US Military Using Software That “Captures 93% of the Internet,” Searching Database Without Warrants

It’s shocking because no one could have predicted it.

RT:

Multiple branches of the US military have bought access to “petabytes” of American citizens’ private online data via a tool called Augury, giving them access to an almost omniscient set of data points, Senator Ron Wyden (D-Oregon) claimed in a letter to the Office of the Inspector General (OIG) on Wednesday.

The alleged data trove includes an individual’s email communications, browsing history, and other behavioral information, all on demand and without a warrant,

The senator asked the OIG to investigate the Department of Homeland Security and the Justice Department’s purchase and use of any such records.
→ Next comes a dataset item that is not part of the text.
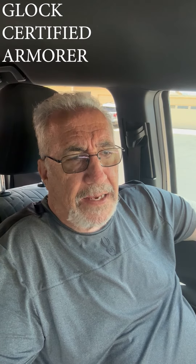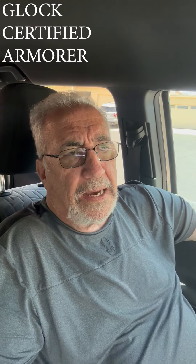Now I had a booth at the Tucson Gun Show, which is held every quarter or so in Tucson, and it's a good turnout. We had a lot of people that were armorers for Glock, and these guys just went nuts over this product. Out of anybody that came to my table, we sold out basically — it was the armorers, because they can tell the benefit of a product like that.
He cited a report his office received from a military whistleblower regarding the Naval Criminal Investigative Service (NCIS) buying and using netflow data from data broker Team Cymru.

Netflow data includes proprietary information normally available only to internet service providers, and is likely being provided without the informed consent of those providers – let alone judicial authorization.
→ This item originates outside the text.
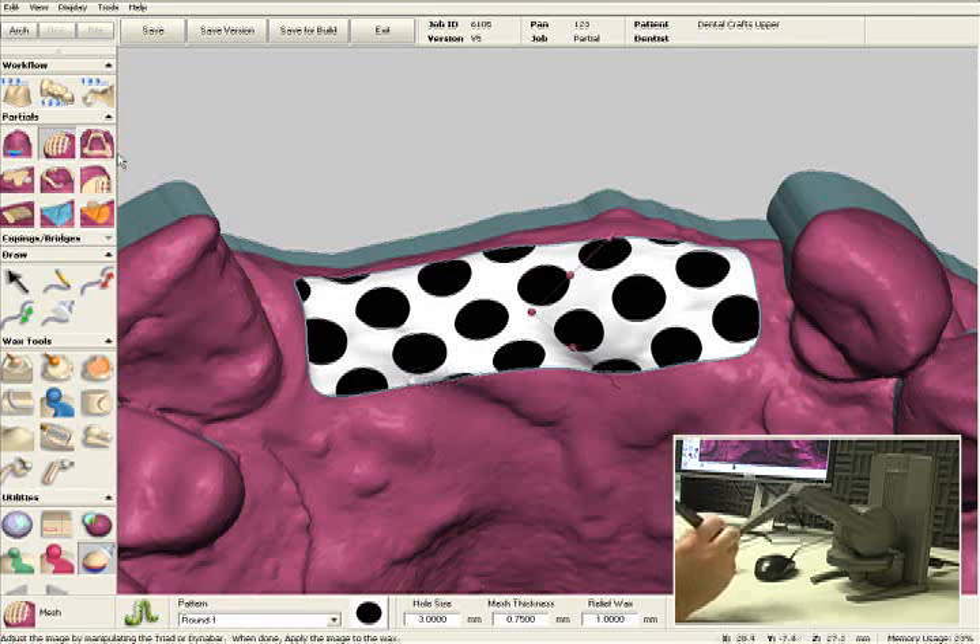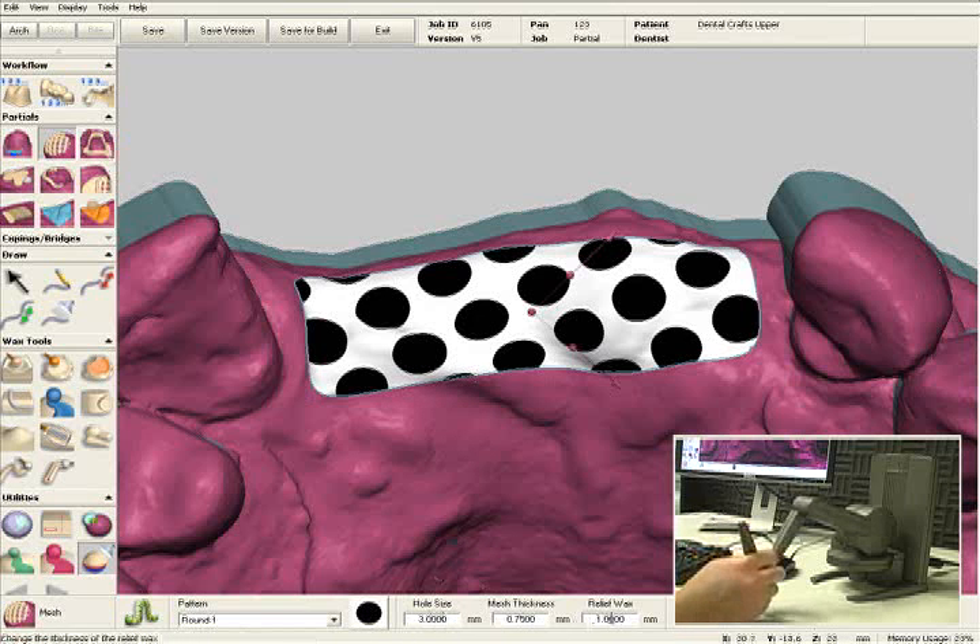The system comes with mesh patterns. You can modify them, or you can create your own. You can also preset your preferences for the mesh. You can preset hole sizes, mesh thickness, and relief wax thickness.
Wyden’s own investigation of the whistleblower’s claim appeared to reveal that US Cyber Command, the Army, FBI, and Secret Service had also purchased the company’s data sets. An investigation by Motherboard found they paid a total of $3.5 million to use Team Cymru’s tool Augury, which allegedly can access 93% of internet traffic. It uses a technology called packet capture data (PCAP), which one cybersecurity technology professional referred to as “everything… there’s nothing else to capture except the smell of electricity.”

It was always obvious that domestic spying organizations would be capturing all of this information to use against the population. We have all these records of them doing this already. They were supposed to stop doing it after the Edward Snowden reveals, then they just said they were going to keep doing it.

However, it is quite interesting that the military would be buying the data of US citizens. The FBI doing it is one thing. But why would the military use that data, unless the military is preparing to get involved in domestic operations against the US population?